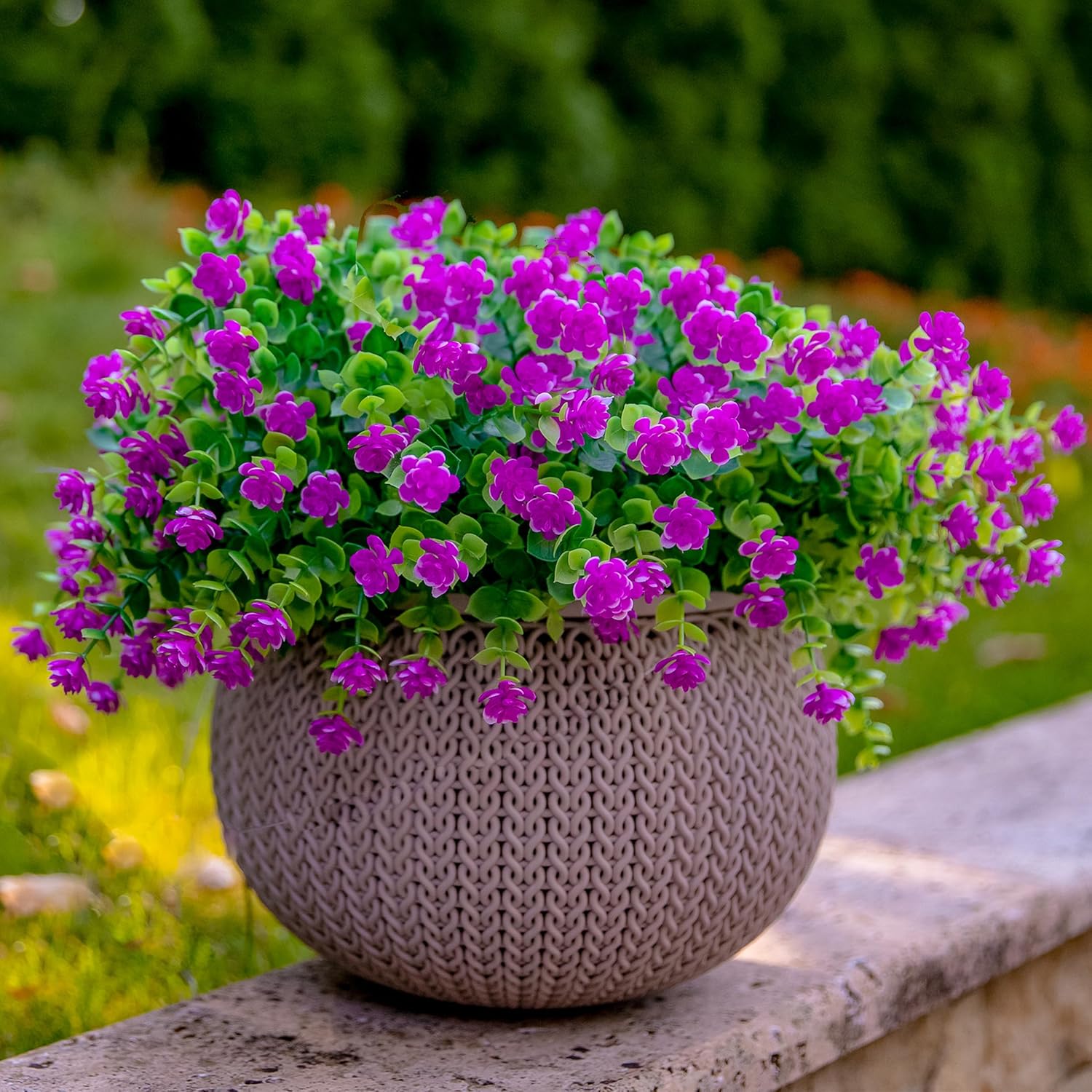 AXYLEX Artificial Flowers 12 Bundles UV Resistant Outdoor Decor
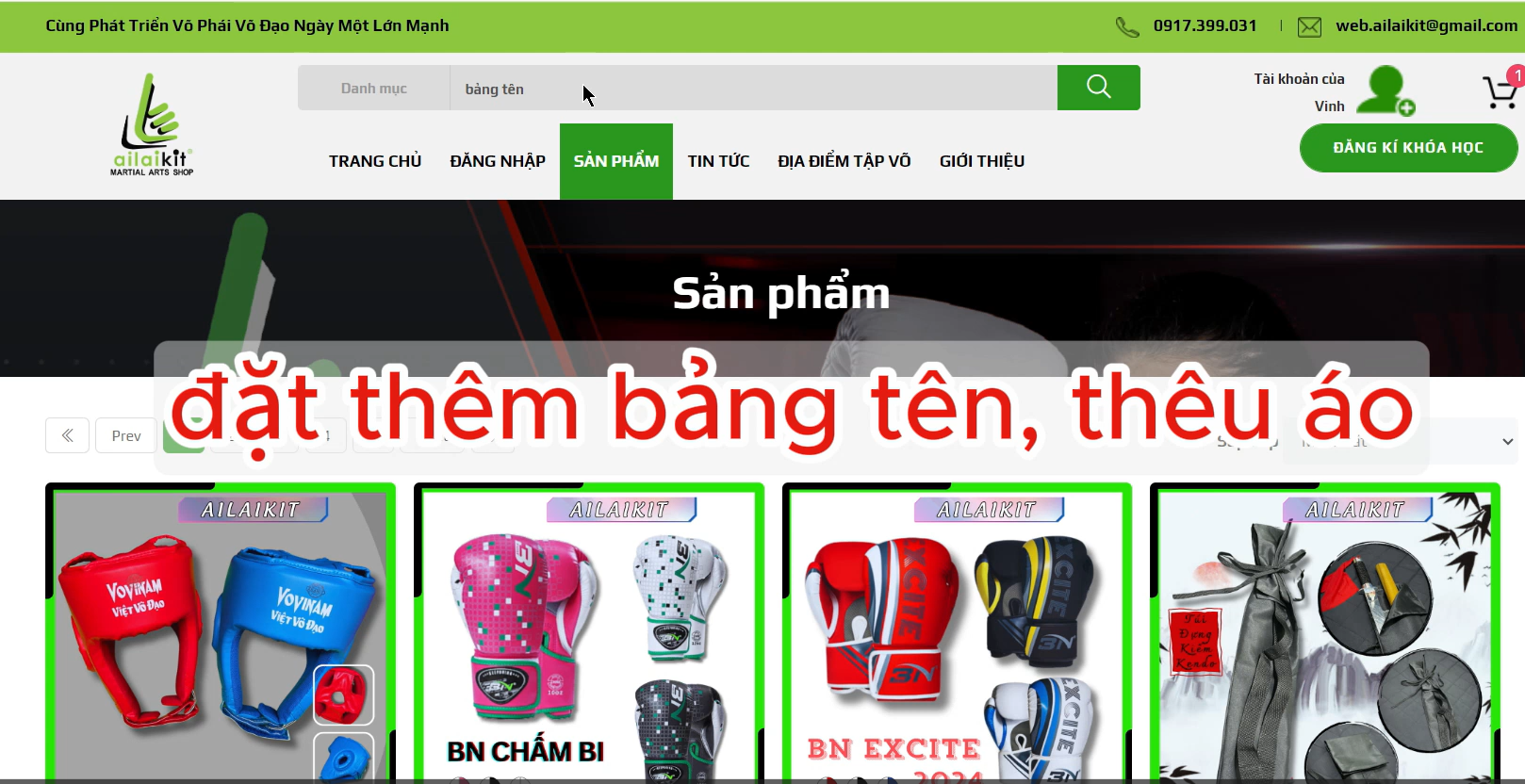 HƯỚNG DẪN MUA HÀNG CHO KHÁCH SỈ, VÕ SƯ, HLV TẠI AILAIKIT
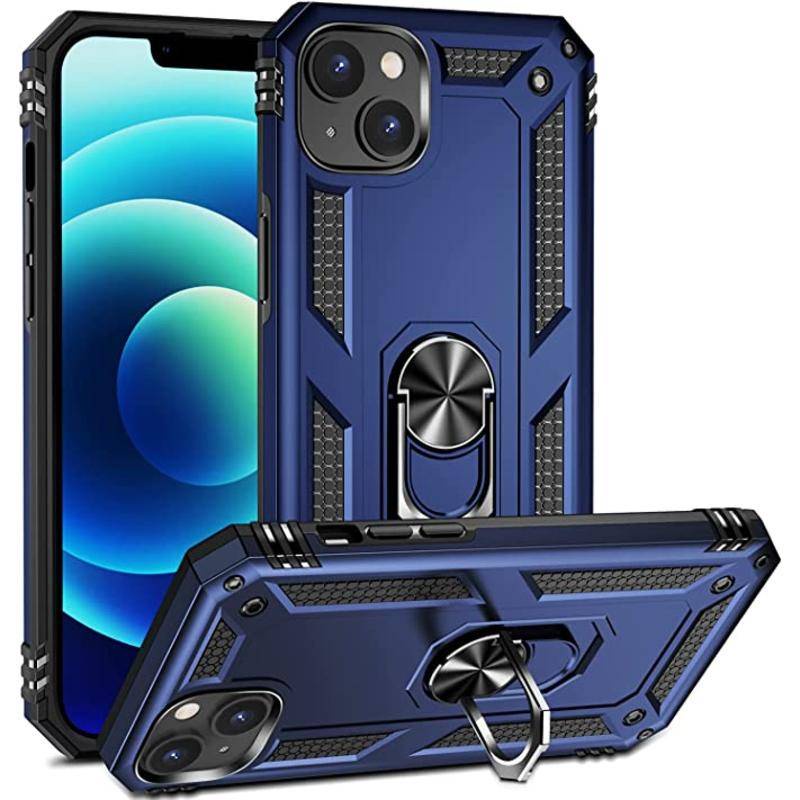 IPHONE Casing Ponsel Armor Heavy Duty Untuk Iphone14 13 12 Pro Max 360derajat Rotate Kickstand Magnetic Shockproof Metal Ring Cover Untuk Iphone14 14Plus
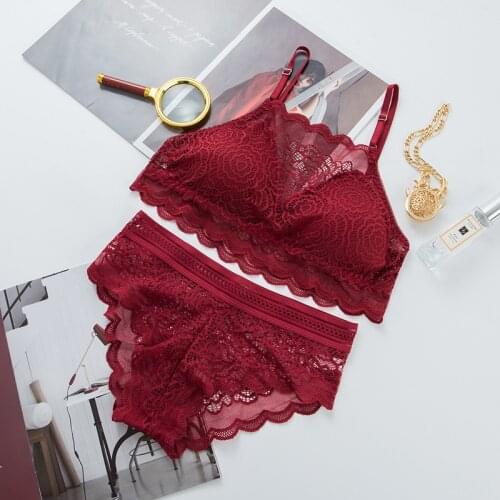 Lace Bralette Sexy Bra Set Women Floral Lace Underwear Set Adjustable Strap 3/4 Cup Thin Bra Lingerie Set Womens Intimates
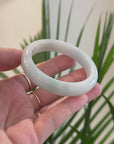 Light Green Natural Burmese Jadeite Jade Bangle – Half Round (55mm) TT909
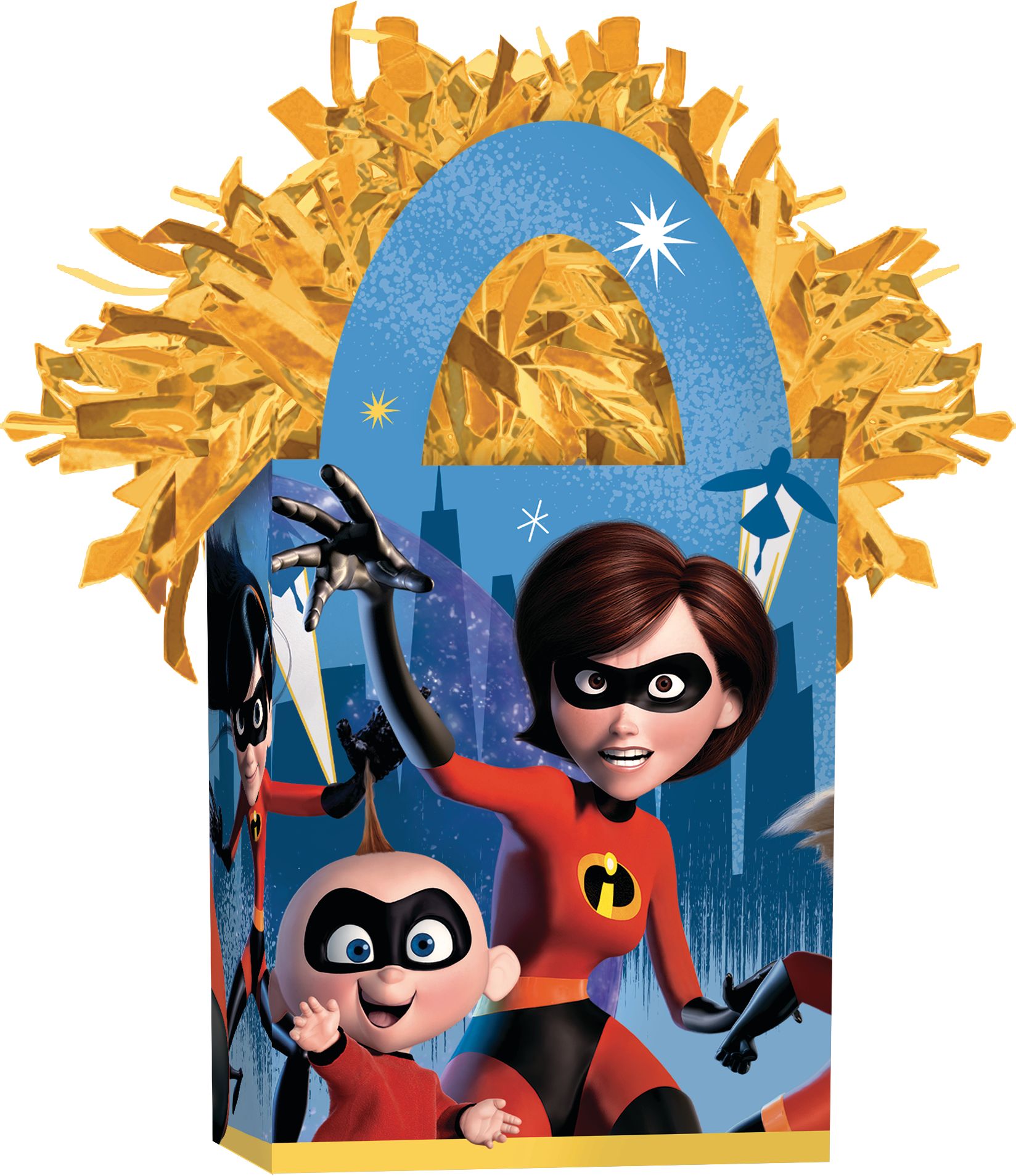 Disney Pixar The Incredibles Gift Bag Shaped Balloon Weight Accessory, Gold/Blue, 5.5-in, for Birthday Party Front_Angled_Right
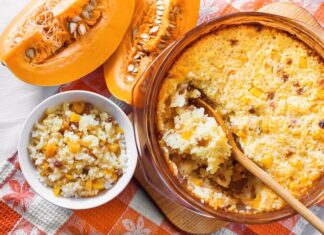 Творожная запеканка с тыквой и манкой в духовке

REQUIREMENT
Where the line holding "Lace Bralette Sexy" appears, start copying, and continue exactly through the last line of the listing, both ends included, skipping the pictures.

SOLUTION FOR THIS PROBLEM
 Lace Bralette Sexy Bra Set Women Floral Lace Underwear Set Adjustable Strap 3/4 Cup Thin Bra Lingerie Set Womens Intimates
 Light Green Natural Burmese Jadeite Jade Bangle – Half Round (55mm) TT909
 Disney Pixar The Incredibles Gift Bag Shaped Balloon Weight Accessory, Gold/Blue, 5.5-in, for Birthday Party Front_Angled_Right
 Творожная запеканка с тыквой и манкой в духовке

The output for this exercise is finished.